Buying a race horse, alone or with other investors, can pay big dividends. But the maintenance costs need to be taken into account and the gains are far from guaranteed. Le Revenu’s Myriam Simon reports.
In 2010, a baker bought a yearling for 8,000 euros. Two years later, Saônois, the little horse, won the prestigious Prix du Jockey Club. Now retired from racing, word is that the horse has earned over a million euros in prize winnings for his happy owner. This proves that with a small budget, one can compete with the famous stables like those of Aga Khan, Sheikh Al Maktoum, the Wildenstein family, Xavier Niel (the CEO of Free), and that of Gérard Augustin-Normand, founder of Richelieu Finance.
BUYING ALONE OR WITH OTHERS
The solution that immediately comes to mind would be to have your own horse, which will start with your colors and under your name. You will get all the glory and will assume all operating costs.
To gain access to the starting blocks, one must be able to show credentials. You will need to provide proof of sufficient funds to France Galop or Cheval Français, the official racing bodies. An annual income of 75,000 euros is required if you buy a horse and train it in Paris and 30,000 euros if you do so in the province. This amount varies depending on the method of purchase chosen.
There are less expensive alternatives. For example, you can rent a horse, which may provide a gentler way to break into the business. You would then be renting a horse already in the circuit on your own, or alongside someone else. The horse will run under your colors. You will manage and finance his career, and in return, you pay 5 percent to 10 percent of your earnings to the owner. This solution is less expensive than an individual purchase, but requires some commitment on your part.
To attract new owners and simultaneously energize and protect the French horse breeds, several group-buying solutions have been devised. These formulas alleviate the cost of your passion. You can enter a co-owner association. The number of co-owners is limited to six to ten people maximum. All members must be approved by one of the racing companies and therefore be able to justify sufficient income sources.
You can also join a team by buying shares. Very popular in recent years, this formula is one of the least expensive and least time-consuming. You become part owner of one or more thoroughbred or trotters for a definite or indefinite period of time, but you do not have to do anything. A turnkey racehorse in other words. “On our team, Passion Racing Club, two-thirds of the funds raised have funded the purchase of seven horses. The balance pays for the horses’ pensions. You have to budget 1,000 to 2,000 euros per month per head,” said Bernard Glass, head of the equestrian service RTL and member of a group of stables.

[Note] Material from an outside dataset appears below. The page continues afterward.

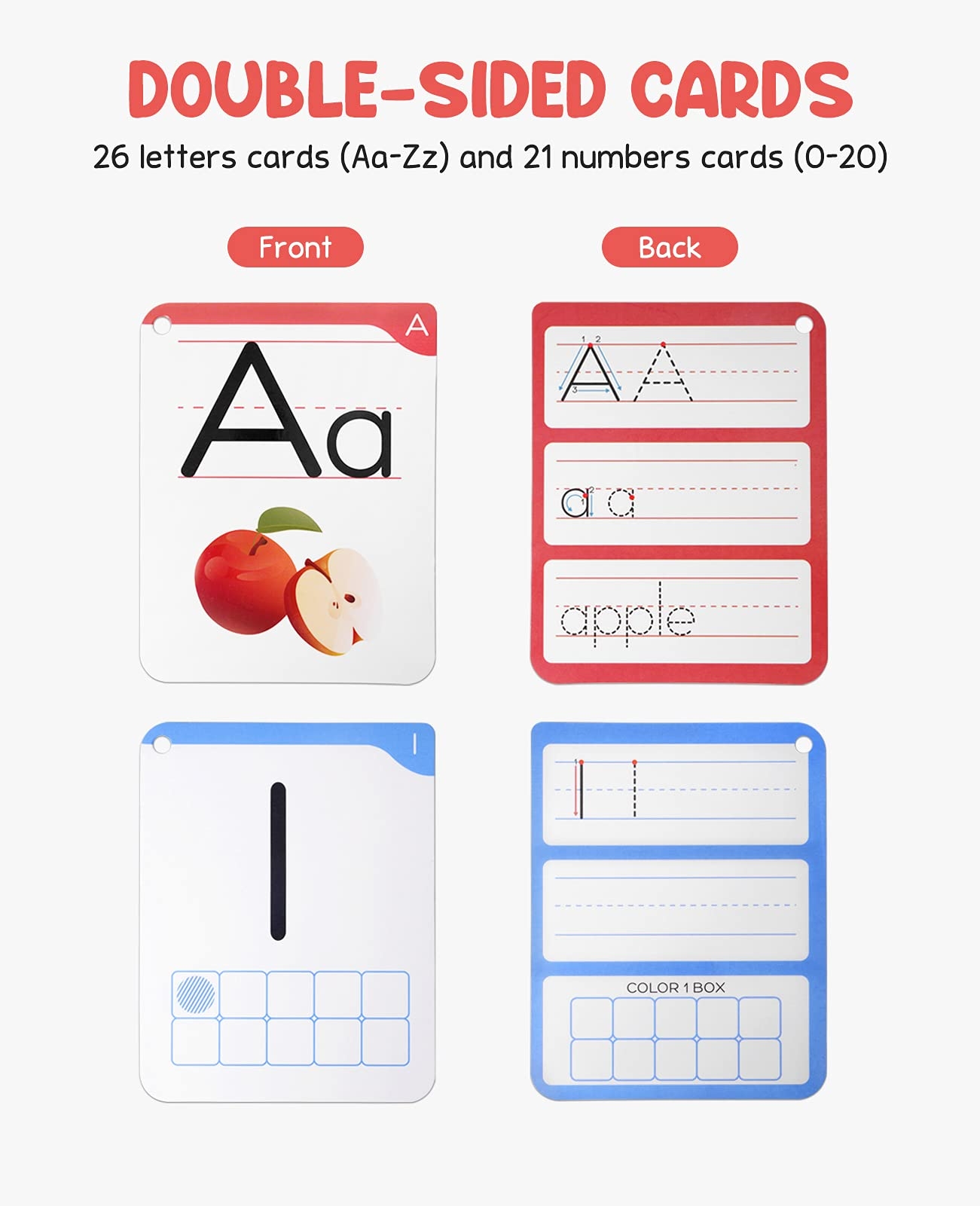 Amazon Gamenote Dry Erase Alphabet And Number Flash Cards Write And Wipe Laminated ABC Letter Tracing Practice Card For Kindergarten 47 Flashcards With 2 Rings And Marker Toys Games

BUYING A FOAL OR A PROVEN HORSE
When it comes to buying, unless you are already a connoisseur or if you like risks, it is better to seek assistance from a coach or a broker. They will advise you and will act as the intermediary with the owners, breeders, and auction houses. Several options are available here.
You can buy a horse with a proven record on the racetrack. Their sale price is usually published in the racing program.
A REASONABLE ENTRY TICKET
All that is required is to make a written offer after the race and produce an official filing. The highest bidder wins. Prices range from 9,000 to 50,000 euros, depending on the wins under the horse’s belt. “These are not bad horses,” says Guy de Fontaines, responsible for the development and promotion of owners at France Galop.
The more daring investors will prefer to buy a yearling, that is to say, a colt less than two years old and at the dawn of his career. “That’s where you can allow yourself to dream… We buy based on the shape of the foal and its origins, which provide some guidance on his future skills,” says Guy de Fontaines. Professionals can identify those skills, but they do not guarantee that your horse will win the Jockey Club and the Prix de Diane. Prices range from 1,500 euros to 150,000 euros. An excellent yearling costs between 100,000 and 150,000 euros. Young trotters are 30 to 50 percent cheaper.
If you choose to join a stable, the price of the share is lower. For example, it takes 100 euros with a minimum of 60 shares to be part of the “Écurie Manson-nienne.” Count on paying 20,000 euros to join the Open Racing Club Racing Club at Arqana.
Investors should keep in mind that the career of a racehorse is short, two to three years on average. Hence, each purchase requires a lot of care. Reproduction income can provide an additional, sometimes comfortable, income stream for the owners of a horse that has a proven record on the racetrack.
If buying a racehorse can be a pleasurable experience, it remains a risky investment.